Does anyone have some best practices for implement...
# best-practices
s
Does anyone have some best practices for implementing a metrics layer? I'm trying to keep track of all my metrics and their definitions so that I can slice and dice them and serve them back to BI. I investigated dbt's metric solution, but it seems a bit wonkey and not that intuitive to implement in a master table. My concerns are: • How easy is it to implement • How easy is it to share with other team members • Does it require hosting • What is the cost (free ?) Any input would be greatly appreciated 😄
s
My expert opinion: don't implement one 😉
s
How do you manage a common definition for metrics?
s
So this is definitely a more edge case opinion from my side, so please ask other people.

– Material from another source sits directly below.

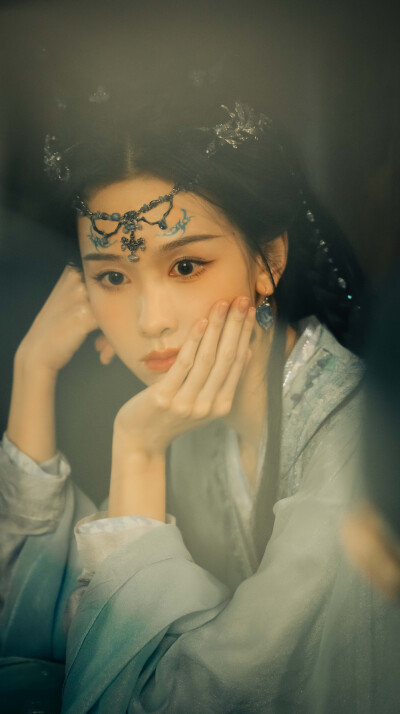 陈都灵《月鳞绮纪》雾妄言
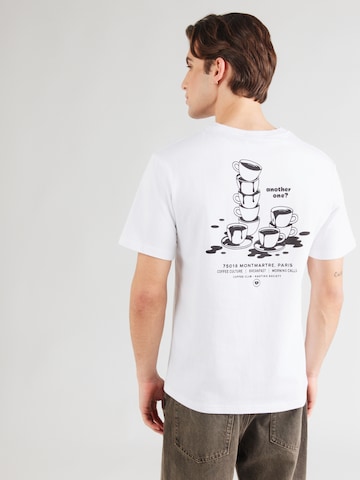 Kaotiko Koszulka 'ANOTHER ONE' w kolorze biały: przód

But I enjoy what Maxime at preset talks about (dataset centric visualization). I've been implementing a similar approach. The idea is simple: 1. Don't have a (technologically) SEPARATE common metrics definition 2. Instead keep your metrics where you keep the rest of your business logic & transformations (e.g. just put them into all of your dbt models). That will come with a few challenges, but IMHO with a vast set of benefits (simplicity and robustness above most).
b
In a previous project I computed metrics with Python jobs and pushed them into an all-in-one, hosted (and costly 😉 ) Prometheus/Grafana environment. As far as I know, it is the best stack to deal with metrics and time-series storage and visualization, even if the learning curve is steap at the beginning. As I am integrating Meltano for my current project, I was looking forward using some tools belonging to the ecosystem to compute and store metrics on Prometheus, but those seem to be lacking. I would be very grateful if some of you have a little more experience on that specific topic (ie integrating Prometheus with Meltano pipelines) 😀.
s
@Sven Balnojan thanks for the article. So the synopsis is - "For a dataset-centric approach, one should aim to define metrics in their transformation layer (as part of their models). This allows for better visibility, reusability and version control. It also removes the need for purchasing and maintaining additional tools. " In this new approach, would this imply re-defining metrics at every granularity (ex: median), or would we want to use some tools that integrate in your transformation layer but give more context to your BI layer (ex: dbt metrics)
a
@Sven Balnojan great article thanks! I think we arrived at a similar 'dataset centric' conclusion in our product- https://www.matatika.com/docs/dataml/datasetml/ We investigated building a metrics layer - delayed that feature to look at Cube, Looker, and later dbt metrics. I still fundamentally like the metrics layer approach, but everything I like about it is achievable with a 'model' / 'dataset' layer and minimal dynamic queries. Current view: The dynamic query building with a dataset approach is sufficiently powerful for most use cases. e.g. Sisense (periscope) queries.
s
@Stéphane Burwash, you would usually try to get away without additional tools, although the dbt metrics do take some of that off your shoulders. As @aaron_phethean points out, you usually are okay with a model/dataset layer and possibly something that allows for more dynamic queries (that's the granularity you're talking about). But honestly, I've never seen the precomputation of metrics as a severe problem. I have, however, witnessed a flood of dashboards that use 1000s of different granularities become a problem. 🙂 If you only precompute, you don't even need dbt metrics. And btw. "recomputing metrics" at every granularity isn't strictly necessary. What I've seen in the past is: 1. Compute it once at the lowest granularity 2. Use an aggregation function to auto-create all other granularities. Or even: 1. Compute the metric once in a separate model, then use appropriate functions to map them into their final models. If you have a problematic example, I'm happy to take a look. Would love to finally see an alarming instance of precomputation. (Fwiw, Max doesn't argue in favor of pre-computation, he's OK with views/ dynamic queries as described by @aaron_phethean).